## TASK INSTRUCTIONS
After locating the line that contains "I wish they'd" in the material below, copy that line and each one following it, exactly, up to the last line. Pictures stay out.

## GIVEN INFORMATION
+ + + +

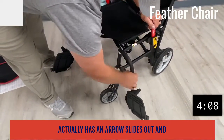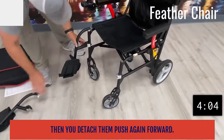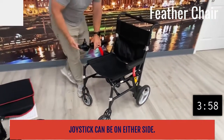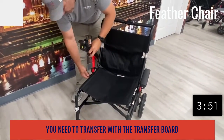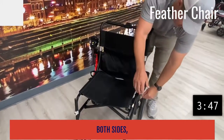Press the arrow, it slides out, and then you detach them. Push again forward and they fold down — easy to take on and off. Your joystick can be on either side; you can put it on the right or left. One thing I like about this is if you need to transfer with a transfer board, you have the ability to do that on both sides.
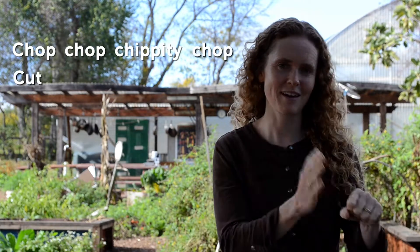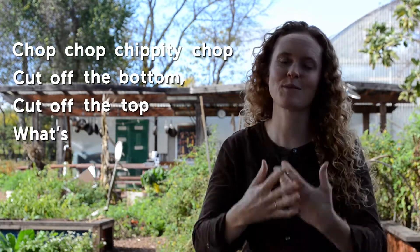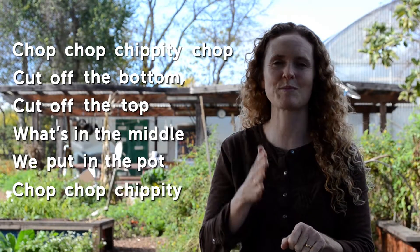Chop, chop, chippity chop. Cut off the bottom, cut off the top. What's in the middle we put in the pot. Chop, chop, chippity chop.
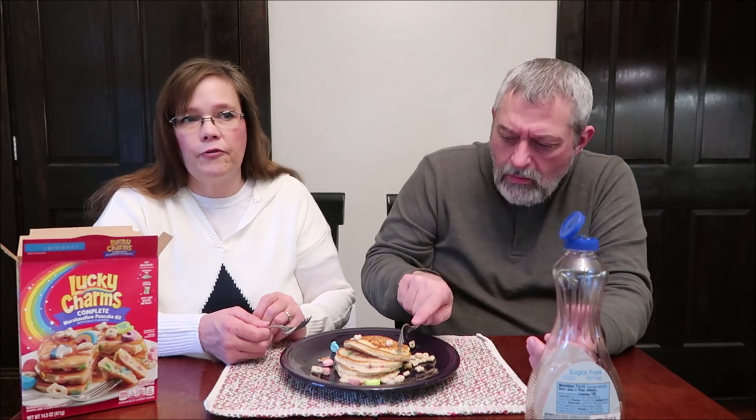I wish they'd put something else in the pack — like a packet of syrup you could pour on top, something besides regular syrup. It would be neat if they made a Lucky Charms syrup and included a packet of that. Because honestly, you're paying $2.98 for this and you could have done this yourself — taken your own box of Lucky Charms and your own pancake mix and made many, many more pancakes for what you paid for this box.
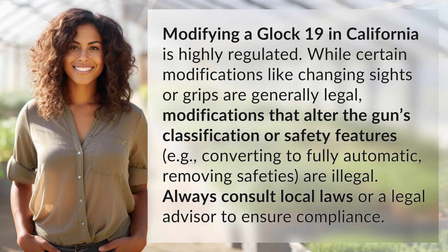Modifying a Glock 19 in California is highly regulated. While certain modifications like changing sights or grips are generally legal, modifications that alter the gun's classification or safety features are subject to strict restrictions.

+ + + +

## ANSWER BOX
I wish they'd put something else in the pack — like a packet of syrup you could pour on top, something besides regular syrup. It would be neat if they made a Lucky Charms syrup and included a packet of that. Because honestly, you're paying $2.98 for this and you could have done this yourself — taken your own box of Lucky Charms and your own pancake mix and made many, many more pancakes for what you paid for this box.
Modifying a Glock 19 in California is highly regulated. While certain modifications like changing sights or grips are generally legal, modifications that alter the gun's classification or safety features are subject to strict restrictions.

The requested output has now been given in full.